Sunday, September 9, 2012

Judging team success: shots inside the box

We've touched on 'predictive' stats for individual players in the past on a number of occasions, noting in particular that shots on target and 'key passes' are generally the best indicators of future success. We are often guilty of using past results to predict the future rather than the process which got us there. I won't pretend to have much experience by way of classic statistical training but the typical example here would be to compare this logic with predicting that the roulette wheel is 'due' to fall on red simply because the last 10 turns have been black (I understand this kind of analysis can make many football fans uncomfortable as their beloved stars are complex athletes not machines but we can often make broad generalisations which are still instructive).

We generally focus on individuals in the fantasy world as knowing that, say, Arsenal are a good team isn't too helpful if we can't pinpoint individual players to target. However, early in the season it can be useful to look at team stats if they help open our eyes to new teams who might be better than expected and thus whose players we should be keeping an eye on.

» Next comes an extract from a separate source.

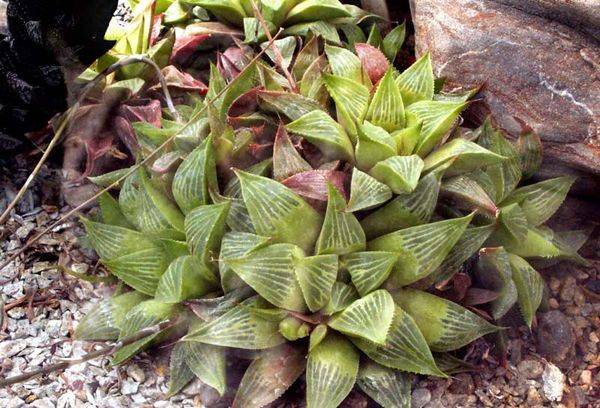 Haworthia gėlė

Before digging into the specific teams, let's take a look at some of the best predictive stats for teams from last season:

Shots in general are a good indicator of goals (around 80% correlation) but as one would expect shots from inside the box are even better (85%). Again, I'm not a statistician so the more learned among the readership might cringe at my remedial knowledge on the subject but I believe an r-squared value of 0.72 suggests that the best fit line is somewhat reliable and we only have a couple of teams who fall significantly outside the standard expected range (the two Manchester teams are fairly self explanatory - they have a group of the best players in the league and thus create the best chances and have the best players to convert them. Liverpool being such a disappointing outlier is less clear and is a question for another time). Without wishing to oversimplify things, a team racking up serious shot totals inside the box would be due a bit of attention, so let's take a peek at this year's data (even if it is a worryingly small sample size):

Everton leading the league is somewhat of a surprise but with players like Jelavic, Pienaar and Fellaini very much in the fantasy concious there isn't a great deal to learn here. Instead I want to quickly draw our attention to Wigan, who I have previously dismissed as not offering a great deal of fantasy intrigue. I revised that hasty position last week with the inclusion of Maloney on my personal shortlist but I think this Wigan side still needs a touch more attention.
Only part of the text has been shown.